Monday, Jul. 26, 2004 - 9:20 AM

LONDON, July 26 (AFP) - Two British museums warned Monday that international cooperation could be at risk after the earliest known Aboriginal bark etchings and a ceremonial headdress were seized while on a loan at an exhibition in Australia.

The Dja Dja Wurrung, an Aboriginal tribe originally inhabiting the Bendigo region of central Victoria, have secured an emergency declaration order preventing the return of the artefacts to Britain.

Made by Dja Dja Wurrung ancestors 150 years ago, the fire-blackened etchings and the headdress were loaned in March to Melbourne's Museum Victoria by the British Museum and the Royal Botanic Gardens at Kew, west London.

"The emergency declaration puts at risk the very legal framework that allows such exhibitions to take place drawing on loans from Europe and America, " said a joint press statement from the two British museums.

Thought to be the earliest in existence, the Aboriginal bark etchings depict images from the 1850s including kangaroos and hunting scenes.

They were due to return to London this week from the "Etched on Bark" exhibition.

The Times newspaper reported Monday that the seizure of the artefacts has sent a tremor through the international museum community because it will have such an impact on future loans to exhibitions.

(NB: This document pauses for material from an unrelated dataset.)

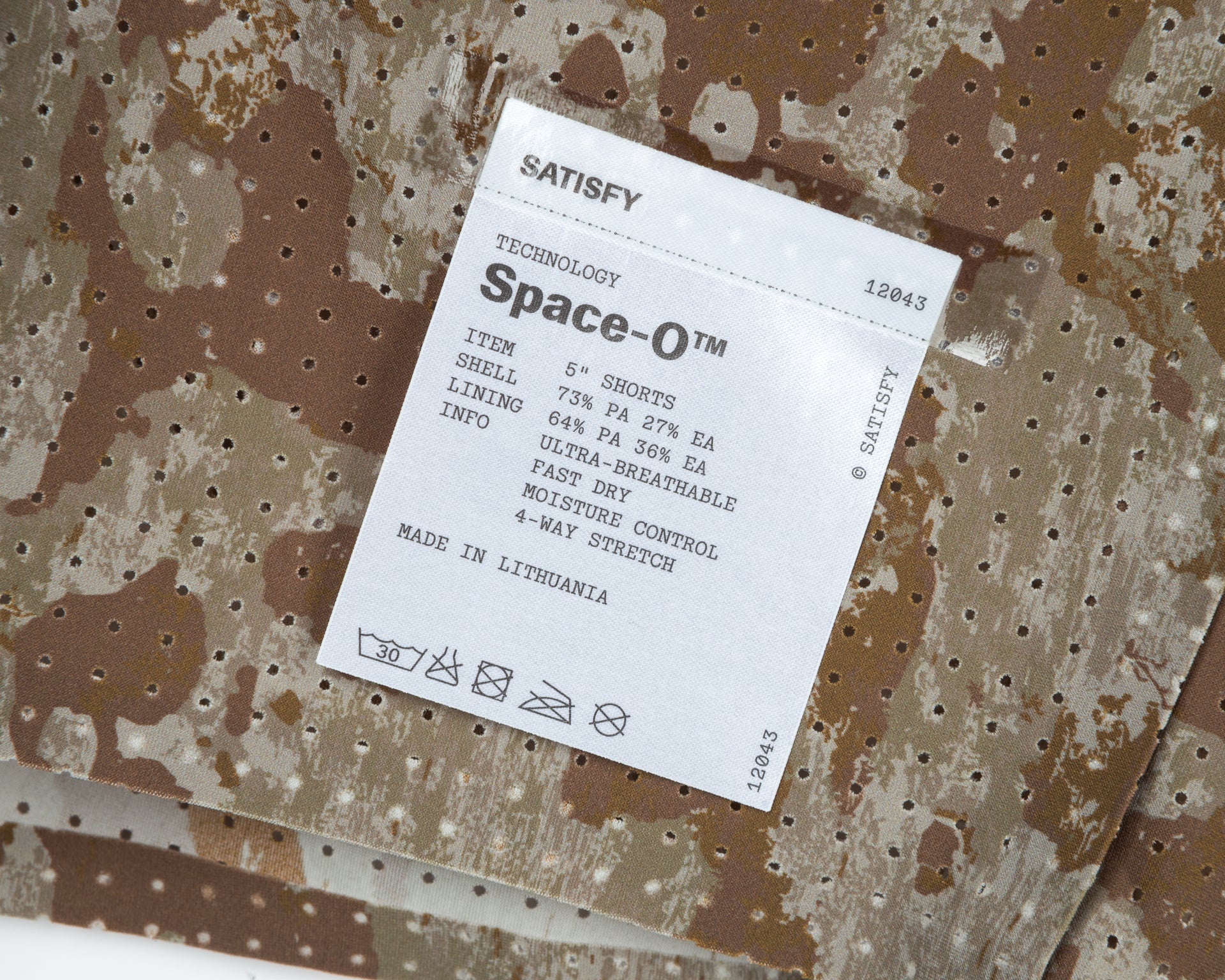Space-O 5 Shorts Camo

"I can understand the motivation of people in Australia in trying to seize the items, but it adds to the difficulty of international lending generally," Maurice Davies, deputy director of the Museums Association, which represents Britain's 1,500 public collections, told the newspaper.

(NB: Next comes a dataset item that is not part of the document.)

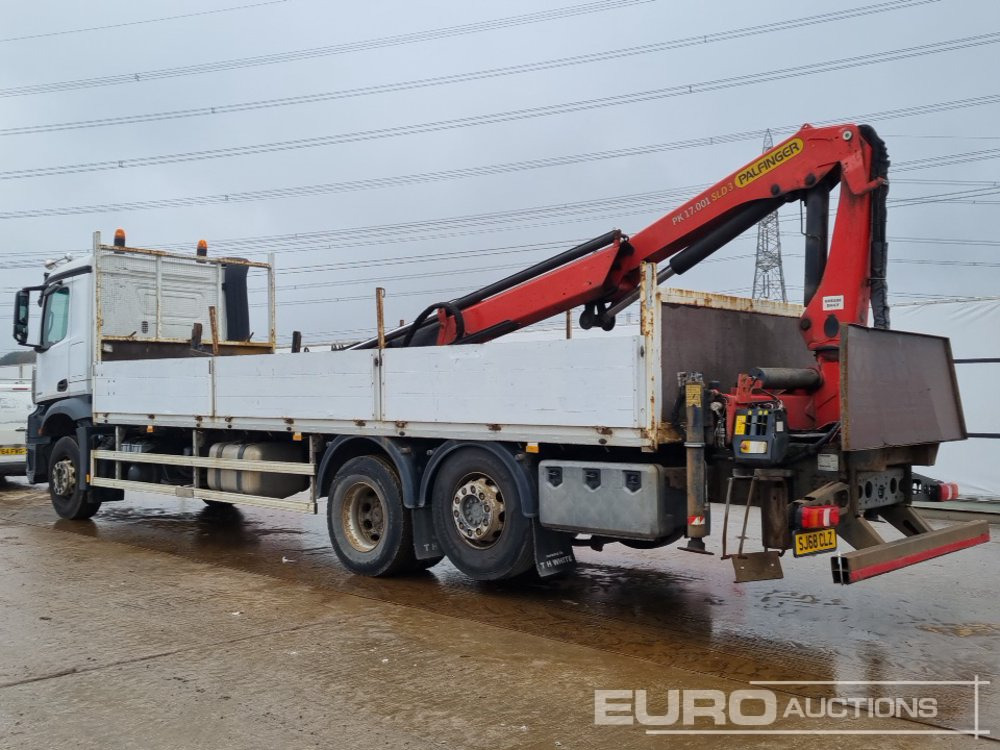 2018 Mercedes Arocs 2533 - Vrachtwagen met open laadbak: afbeelding 3 2018 Mercedes Arocs 2533 - Vrachtwagen met open laadbak: afbeelding 3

"The world gets more litigious and more and more unacceptable things happen, such as physical threats to items because of terrorism," he said.

Under Australia's Aboriginal heritage laws, the emergency protection order can be extended indefinitely, but the 2,500-strong Dja Dja Wurrung are calling for a permanent order, the Times said.

"This matter is being resolved by the Museum Victoria and the Australian state and federal authorities," said a statement from the two British museums.

In Australia, Gary Murray, secretary to the Dja Dja Wurrung Native Title Group, which secured the order, was unrepentant.

"They (the artefacts) belong to Australia," he told the Times. "If we had your crown jewels, you'd be knocking our doors down."

"If the British museums want to invoke legal rights, we've got pro bono lawyers at a major law firm who are prepared to represent us," he said. "We are not fearful of the legal process. We're in for the long haul."

Murray is calling on Australian Prime Minister John Howard to ask the British government to return the barks and the hundreds of Aboriginal remains held by the Natural History Museum.

He is also due to write to Queen Elizabeth, who is head of state of both countries, and to British Prime Minister Tony Blair.